Originally posted January 18, 2008
I’m not feeling particularly well this morning (it will pass), and I am behind on household chores, so I’m not really going to write anything. But I thought I’d take a fifteen-song walk through the junkyard (pre-2000) and see what we find. I’ll sort the songs by running time, and then start with the best song I see at about the midpoint of the collection, and we’ll go random from there.
“I’m Ready” by Muddy Waters from Fathers & Sons, 1969
“I’ll Follow The Sun” by the Beatles from Beatles For Sale, 1964
“Not My Way Home” by Nanci Griffith from The Dust Bowl Symphony, 1999
“I’m Her Daddy” by Bill Withers from Just As I Am, 1971
“Feels Like” by Al Stewart from Famous Last Words, 1993
“Little Girl” by Billy Preston from Encouraging Words, 1970
“Quiet About It” by Jesse Winchester from Jesse Winchester, 1970
“The Woo Woo Train” by the Valentines, Rama single 196, 1956
“The Spa” by John Barry from the soundtrack to Thunderball, 1965
“Funky Broadway” by Wilson Pickett, Atlantic single 2430, 1967
“Angel of the Morning” by Merrilee Rush & the Turnabouts, Bell single 705, 1968
“High, Low and In Between” by Townes Van Zandt from High, Low and In Between, 1972
“If (I Could Be With You)” by Lavelle White, Duke single 198, 1958
“I’ll Be Satisfied” by Don Covay from Mercy!, 1965
“The River” by Dan Fogelberg from Home Free, 1972
A few notes:
Fathers & Sons was a Chess Records project that brought together Muddy Waters and piano player Otis Spann with three members of the Butterfield Blues Band: leader Paul Butterfield, guitarist Mike Bloomfield and drummer Sam Lay. Also sitting was Duck Dunn of Booker T and the MGs, while drummer Buddy Miles played on one of the live tracks that made up the final album. Such mergings of talent and generations don’t always work out, of course, which makes Fathers & Sons that much more of a treasure. It’s one of the great albums of Waters’ long career, and a milestone for the other musicians, as well.

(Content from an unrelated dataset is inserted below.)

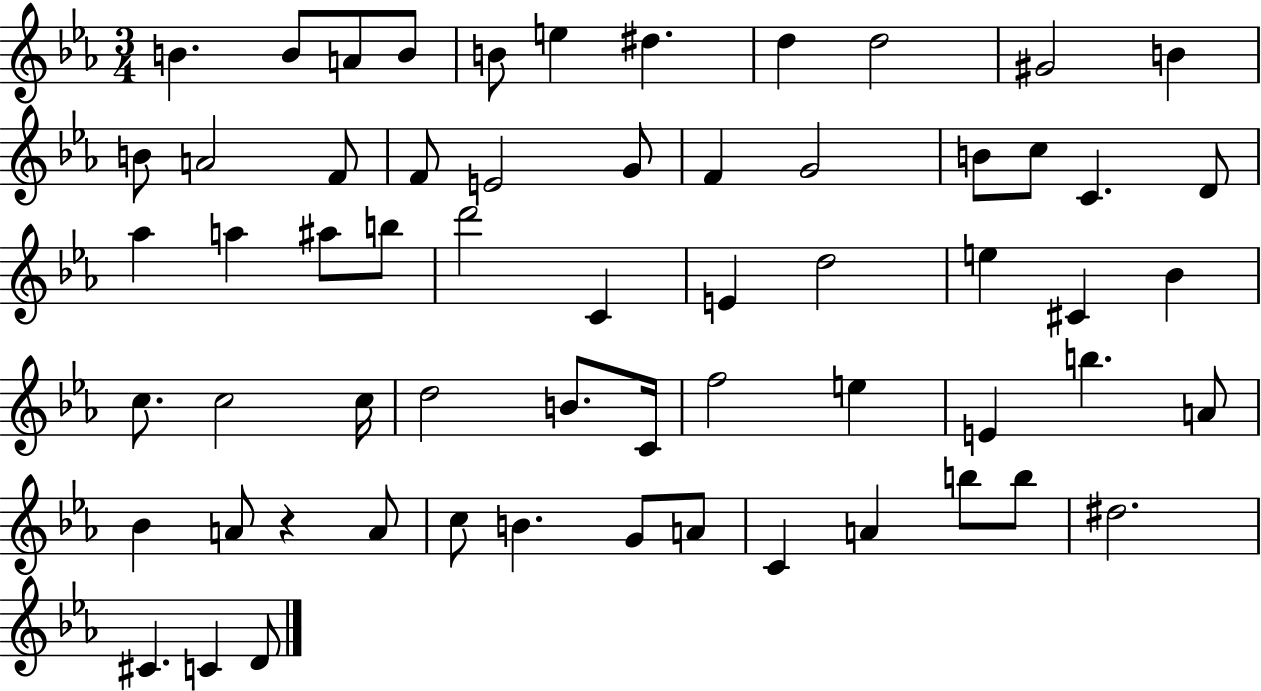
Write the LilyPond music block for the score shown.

“I’ll Follow the Sun” is listed here as being from Beatles For Sale, and that is where it’s found these days in the CD racks. But I’ll always hear it as part of Beatles ’65, one of those albums that Capitol created during the group’s early years by trimming a few songs off a British release and adding some singles that weren’t on albums in the U.K.
The Dust Bowl Symphony was Nanci Griffith’s attempt to recast some of her more memorable songs as a suite, with backing from the London Symphony Orchestra. It doesn’t always work, and most of the songs on the album are likely better heard in their original settings. (“Not My Way Home” was originally released on 1997’s Blues Roses From the Moons.) One track that works, and is worth seeking out, is “Love at the Five and Dime,” which Griffith recast as a duet with Darius Rucker of Hootie & the Blowfish.
The Valentines were one of those groups that sprang up on street corners all through New York City during the mid-1950s. According to Marv Goldberg’s R&B Notebooks, “The Woo Woo Train” was composed and arranged by the group in the recording studio’s men’s room the morning of the recording session. I think it’s a great track; I especially love the raucous sax solo.
Come June 1, it will be forty years since “Angel of the Morning” entered the Top 40. It’s still a gorgeous song – written by Chip Taylor – and a great record, and it’s certainly one of the most enduring of all one-hit wonders.
The bluesy R&B grit of “If (I Could Be With You)” is, to my mind, of a kind with most of the recordings coming from Texas-based Duke records in the late 1950s. (The label was also the home of legend Bobby “Blue” Bland.) Lavelle got her first success with the self-penned “If,” which she recorded while she was in her late 20s, if the date of 1958 is accurate (and it seems to be). White is still recording, and since 1994, has released three albums, two of them on the Antone’s label. The most recent of those is 2003’s Into the Mystic.